Another thing. It is not the personality, the character that is of the first importance in rebirth—it is the psychic being who stands behind the evolution of the nature and evolves with it. The psychic when it departs from the body, shedding even the mental and vital on its way to its resting place, carries with it the heart of its experiences,—not the physical events, not the vital movements, not the mental buildings, not the capacities or characters, but something essential that it gathered from them, what might be called the divine element for the sake of which the rest existed. That is the permanent addition, it is that that helps in the growth towards the Divine.
Sri Aurobindo – Letters on Yoga – I: CWSA, Vol. 28, pp. 543 – 44
A Heart was felt in the spaces wide and bare,
A burning Love from white spiritual founts
Annulled the sorrow of the ignorant depths;
Suffering was lost in her immortal smile.

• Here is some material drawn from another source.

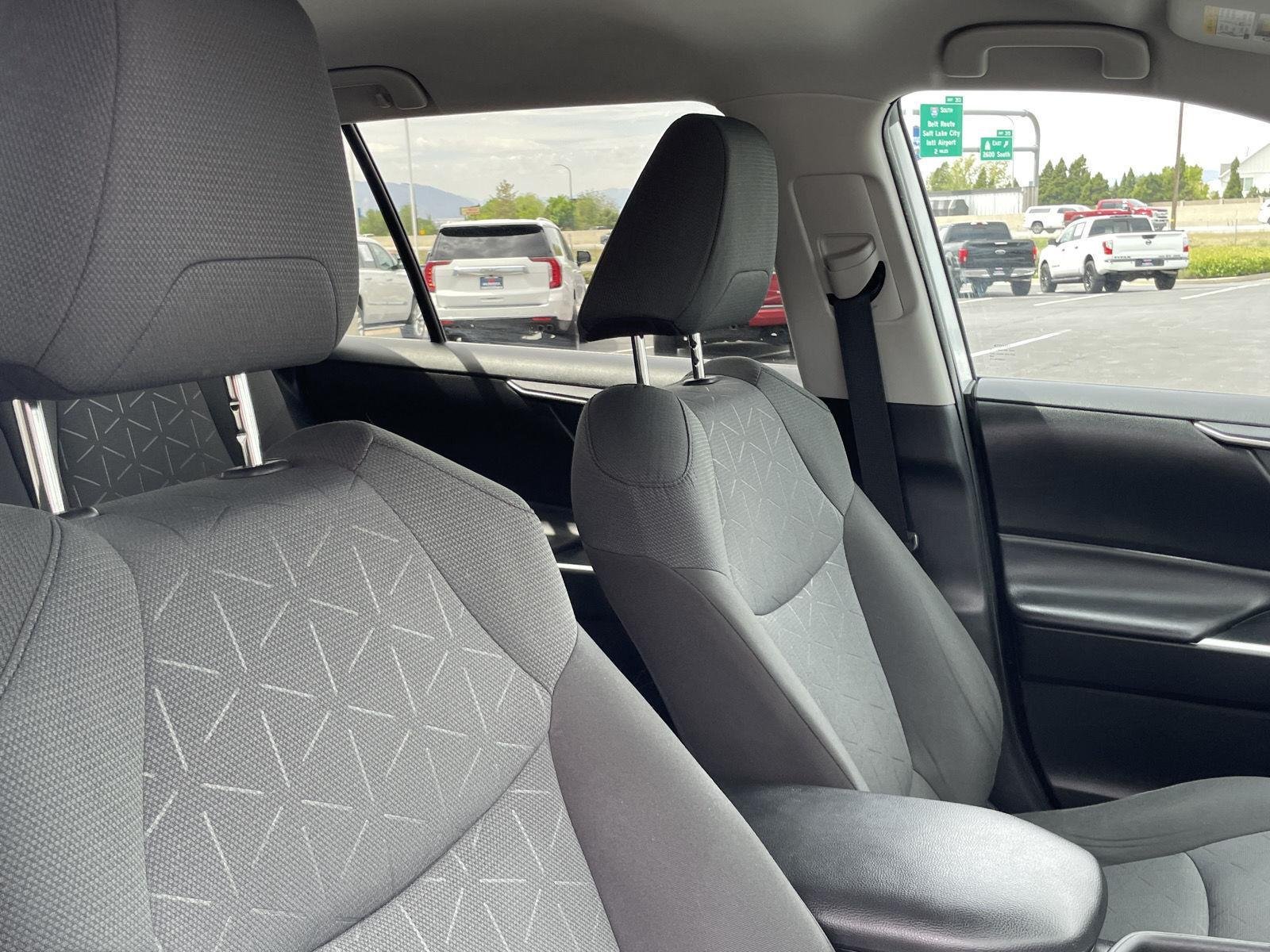 2022 Toyota RAV4 XLE - Photo 39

A Life from beyond grew conqueror here of death;
To err no more was natural to mind;
Wrong could not come where all was light and love.
Sri Aurobindo – Savitri: CWSA, Vol. 33 , Book Three, p. 313
The Fear of Death
Death wanders through our lives at will, sweet Death
Is busy with each intake of our breath.
Why do you fear her? Lo, her laughing face
All rosy with the light of jocund grace!
A kind and lovely maiden culling flowers
In a sweet garden fresh with vernal showers,
This is the thing you fear, young portress bright
Who opens to our souls the worlds of light.
Is it because the twisted stem must feel
Pain when the tenderest hands its glory steal?
Is it because the flowerless stalk droops dull
And ghastly now that was so beautiful?
Or is it the opening portal’s horrid jar
That shakes you, feeble souls of courage bare?
Death is but changing of our robes to wait
In wedding garments at the Eternal’s gate.
Sri Aurobindo – Collected Poems: CWSA, Vol. 2, p. 219
Life and Death
Life, death,—death, life; the words have led for ages
Our thought and consciousness and firmly seemed
Two opposites; but now long-hidden pages
Are opened, liberating truths undreamed.
Life only is, or death is life disguised,—
Life a short death until by life we are surprised.